Problem requirements: Quote, exactly, the line holding "Convites Orquídeas Vermelhas" and all lines after it to the end of the records below. Exclude pictures.

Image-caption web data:
"""

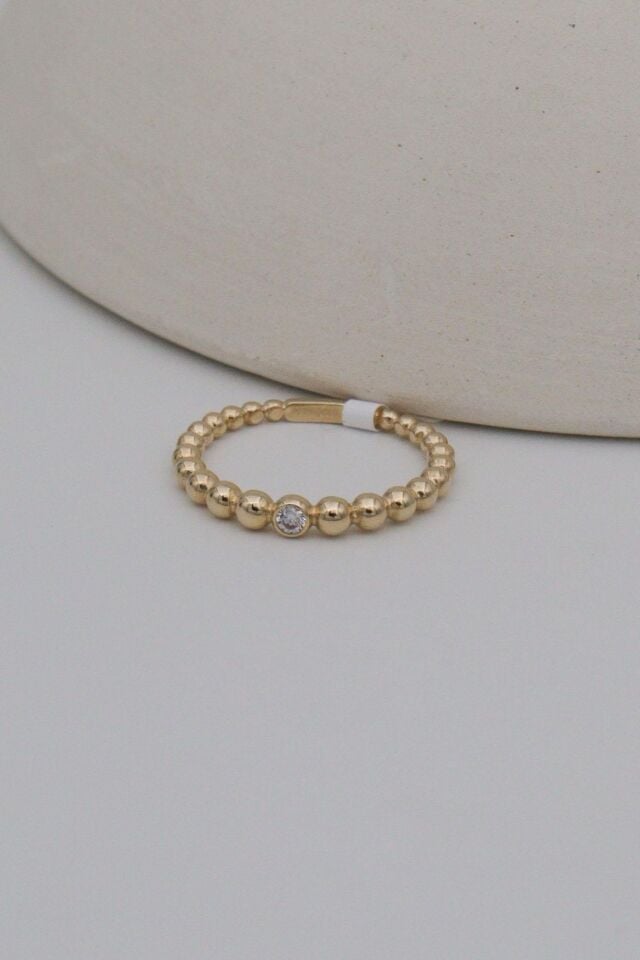 Süzme Tırnak Makası/Tektaş 14 Ayar Altın Yüzük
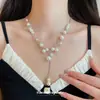 Collar de Perlas con Borlas de Lujo Ligero Francés para Mujer Moda de Diseño de Nicho Sentido de la Cadena de Clavícula Exquisito Versátil Collar de Tacto de Gama Alta
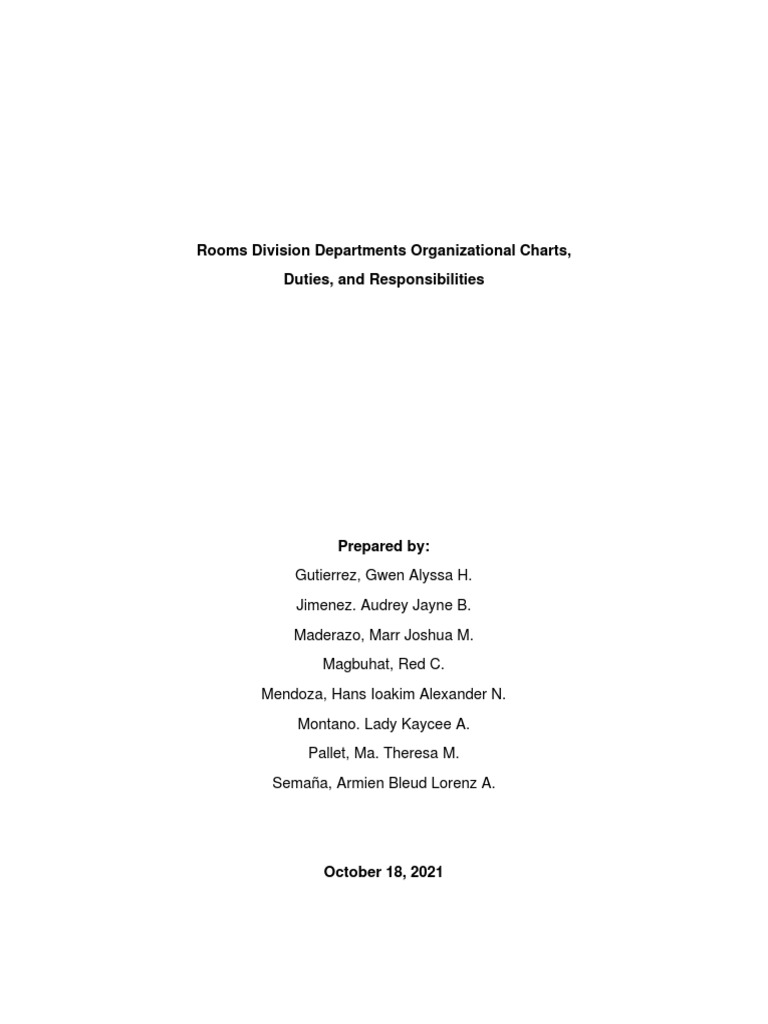 Rooms Division Duties and Structure | PDF | Point Of Sale | Security Guard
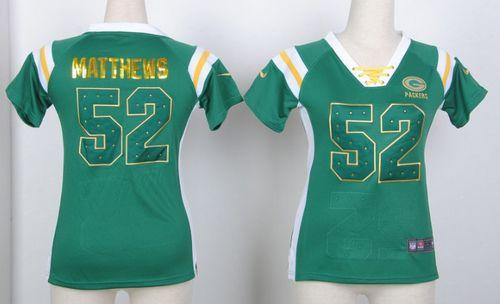  Packers #52 Clay Matthews Green Women's Stitched NFL Elite Light Diamond Jersey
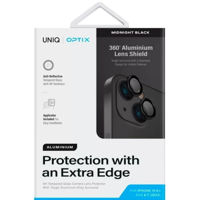 Стекло защитное для смартфона UNIQ Optix Aluminium Camera Lens Protector for iPhone 15/15 Plus/14, Black
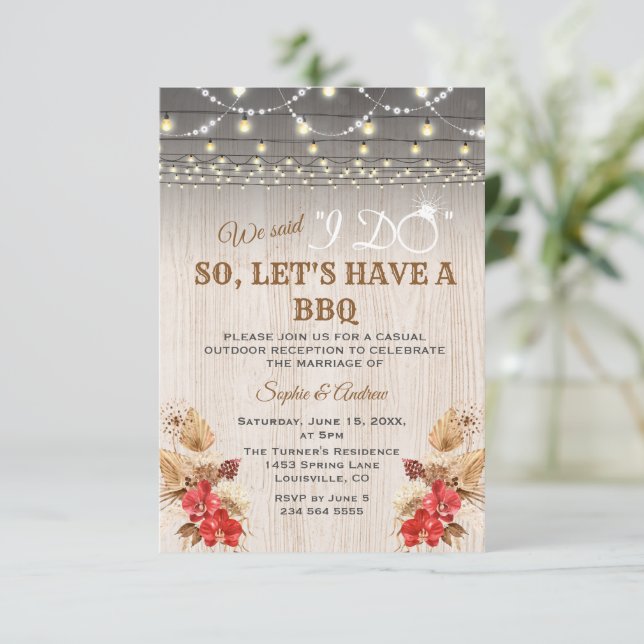 Convites Orquídeas Vermelhas Pampas Grass Wood Depois Que E (Em pé/Frente)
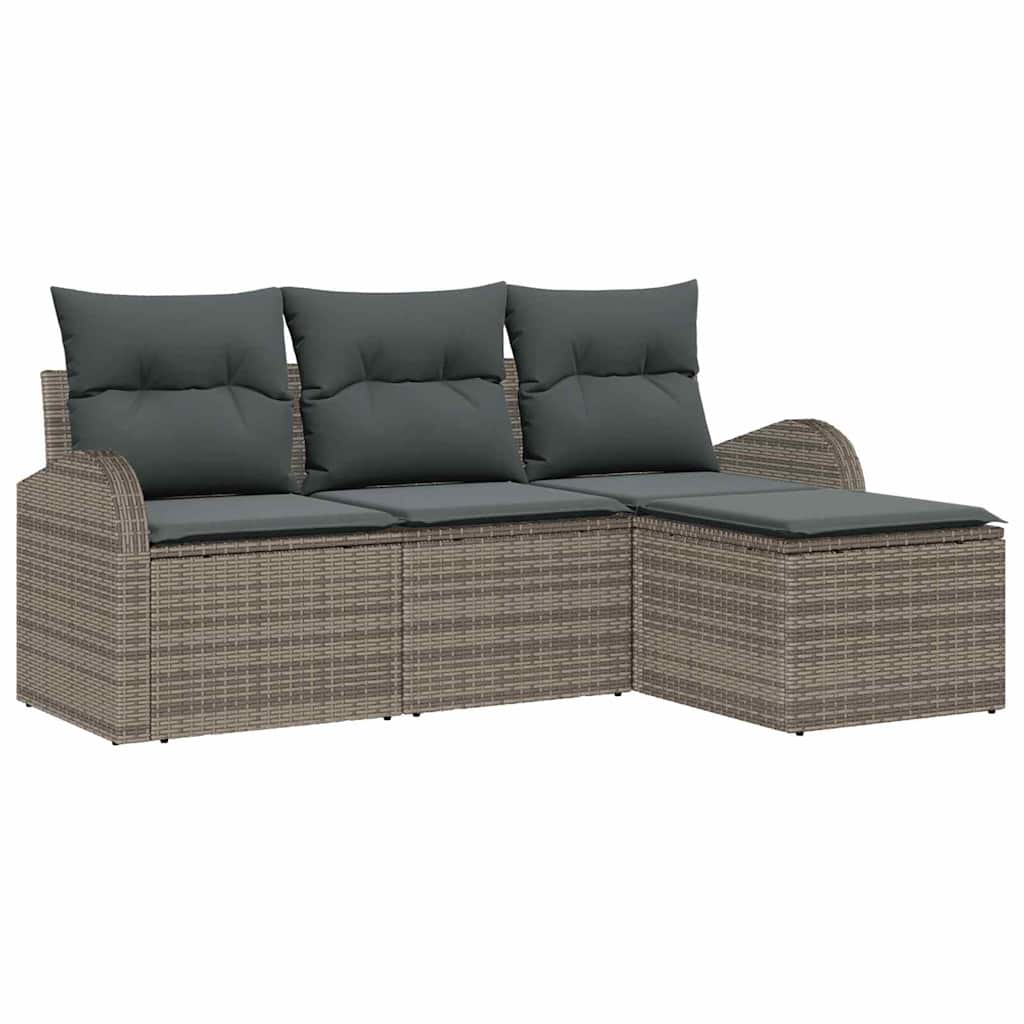 Bankstel met kussen met opslag 4 pcs Grijs poly rattan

"""

Answer box:
 Convites Orquídeas Vermelhas Pampas Grass Wood Depois Que E (Em pé/Frente)
 Bankstel met kussen met opslag 4 pcs Grijs poly rattan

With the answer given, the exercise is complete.